What follows is a listing; repeat exactly, and only, its lines from the one holding "Foto de JOEL SEBASTIAO PASCOAL" through the last, leaving any pictures out.

▶ **GIVEN MATERIAL**:
*** Block opens ***
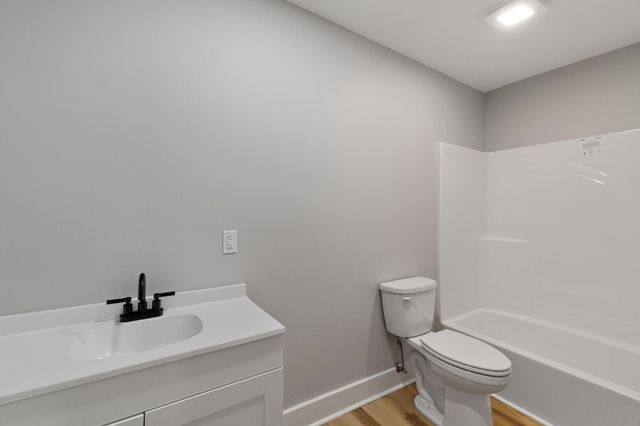 52 Pumping Station, Petal, MS 39465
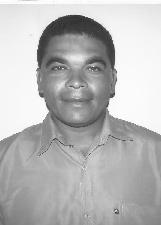 Foto de JOEL SEBASTIAO PASCOAL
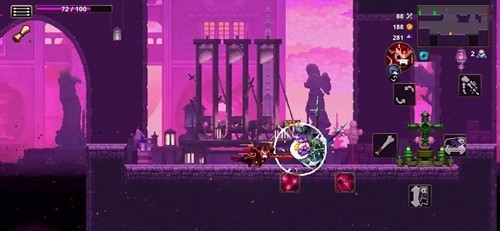 20240720193703625.jpg 20240719170805729.jpg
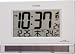 CITIZEN (�V�`�Y��) �ڊo�����v �p���f�W�b�g�\�[���[ �\�[���[�d�� �f�W�^�� �d�g���v 8RZ083-003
*** Block closes ***
▶ **RESPONSE TO THIS TASK**:
 Foto de JOEL SEBASTIAO PASCOAL
 20240720193703625.jpg 20240719170805729.jpg
 CITIZEN (�V�`�Y��) �ڊo�����v �p���f�W�b�g�\�[���[ �\�[���[�d�� �f�W�^�� �d�g���v 8RZ083-003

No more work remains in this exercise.